_PROBLEM STATEMENT:_ The copy has to match the data exactly and leave out every picture.

_DATASET EXCERPT:_
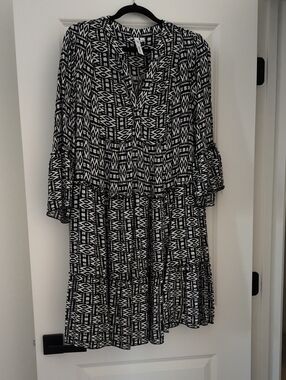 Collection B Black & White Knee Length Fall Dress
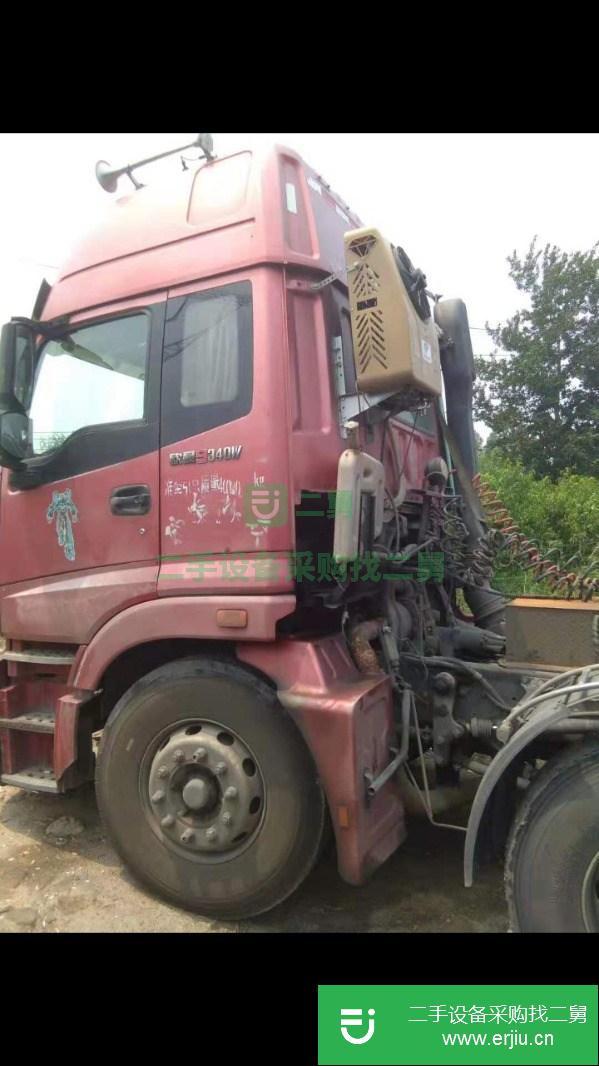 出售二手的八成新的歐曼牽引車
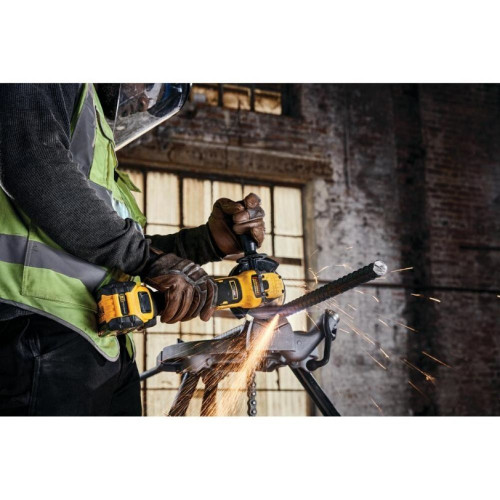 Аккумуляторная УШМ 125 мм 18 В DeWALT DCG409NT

_RESULT FOR THIS EXERCISE:_
 Collection B Black & White Knee Length Fall Dress
 出售二手的八成新的歐曼牽引車
 Аккумуляторная УШМ 125 мм 18 В DeWALT DCG409NT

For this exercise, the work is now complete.